Voluntary archival Organisation in Canada

The Association for Manitoba Archives (AMA) is a voluntary organization dedicated to the preservation of the documentary heritage of the people and institutions of the province of Manitoba, Canada, by improving the administration, effectiveness and efficiency of the province's archival systems. The membership is made up primarily of archivists and archival institutions, but anyone who is interested in supporting the mandate of the organization can join.

Today, the AMA provides a number of services, including: support for its members; advisory services for both members and non-members; educational and training opportunities; advocacy to increase the awareness of archives in the wider community; publications; virtual and real exhibitions; grants and awards. Of particular interest to the broader community is the Manitoba Day Award, which recognizes those users of archives who have completed an original work of excellence which contributes to the understanding and celebration of Manitoba history.

== History ==
The AMA is an amalgamation of two organizations.

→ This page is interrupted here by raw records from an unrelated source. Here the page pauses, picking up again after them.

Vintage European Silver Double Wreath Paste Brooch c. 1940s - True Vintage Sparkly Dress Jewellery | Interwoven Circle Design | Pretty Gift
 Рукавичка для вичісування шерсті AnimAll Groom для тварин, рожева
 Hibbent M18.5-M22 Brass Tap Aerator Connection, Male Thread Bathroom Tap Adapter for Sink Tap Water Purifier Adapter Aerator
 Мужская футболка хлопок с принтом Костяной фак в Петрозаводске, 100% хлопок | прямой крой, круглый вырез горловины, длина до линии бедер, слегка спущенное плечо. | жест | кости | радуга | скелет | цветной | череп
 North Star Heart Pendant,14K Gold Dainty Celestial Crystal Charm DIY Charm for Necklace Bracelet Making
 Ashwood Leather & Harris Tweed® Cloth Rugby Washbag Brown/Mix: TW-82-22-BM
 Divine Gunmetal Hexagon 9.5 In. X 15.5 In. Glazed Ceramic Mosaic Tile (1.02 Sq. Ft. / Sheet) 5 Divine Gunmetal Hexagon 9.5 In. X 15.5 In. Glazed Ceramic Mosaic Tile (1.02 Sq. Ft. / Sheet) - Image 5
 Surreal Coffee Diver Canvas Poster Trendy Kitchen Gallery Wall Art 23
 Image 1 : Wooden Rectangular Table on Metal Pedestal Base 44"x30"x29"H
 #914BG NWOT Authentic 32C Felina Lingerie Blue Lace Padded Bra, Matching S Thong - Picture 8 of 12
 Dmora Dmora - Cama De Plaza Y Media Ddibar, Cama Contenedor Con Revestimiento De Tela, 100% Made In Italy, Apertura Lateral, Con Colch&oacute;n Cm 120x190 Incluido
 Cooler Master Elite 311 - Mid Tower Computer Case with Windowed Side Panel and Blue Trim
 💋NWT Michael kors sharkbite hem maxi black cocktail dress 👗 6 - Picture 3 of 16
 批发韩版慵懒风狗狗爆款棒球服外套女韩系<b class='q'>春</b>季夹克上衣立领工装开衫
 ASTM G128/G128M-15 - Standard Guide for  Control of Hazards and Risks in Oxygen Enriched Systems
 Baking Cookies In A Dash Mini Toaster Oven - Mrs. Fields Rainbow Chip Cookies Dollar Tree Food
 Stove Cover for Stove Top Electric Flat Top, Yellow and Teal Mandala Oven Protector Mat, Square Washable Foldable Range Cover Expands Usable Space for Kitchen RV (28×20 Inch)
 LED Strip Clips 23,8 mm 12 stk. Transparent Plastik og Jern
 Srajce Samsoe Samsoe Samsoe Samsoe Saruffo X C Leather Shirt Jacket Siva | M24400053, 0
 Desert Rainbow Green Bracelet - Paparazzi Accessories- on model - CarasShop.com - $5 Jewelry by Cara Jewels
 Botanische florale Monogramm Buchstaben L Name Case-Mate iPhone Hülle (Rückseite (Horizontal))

The Association of Manitoba Archivists, founded in 1980, provided a seasonal program of meetings on various archival subjects. It created a basic training program, implemented a field advisory service for new or emerging archives, published a newsletter and sponsored a number of outreach programs and events to promote the profession and archives.

The Manitoba Council of Archives, founded in 1986, was created specifically to distribute grants from the newly formed Canadian Council of Archives. In support of the grant program, the Manitoba Council undertook a provincial archival needs assessment study entitled "The Past is Present" (1988). A study of institutional standards and accreditation, the so-called Stunden Report, followed in 1990.

A joint committee was created to look at the existence of the two organizations and published a report in 1991. "Plan 2000: The Manitoba Archival Community in the 1990s" stated that the archival community in Manitoba was not large enough to support two separate organizations dedicated to archives and that a single organization should be established. The two organizations merged shortly thereafter.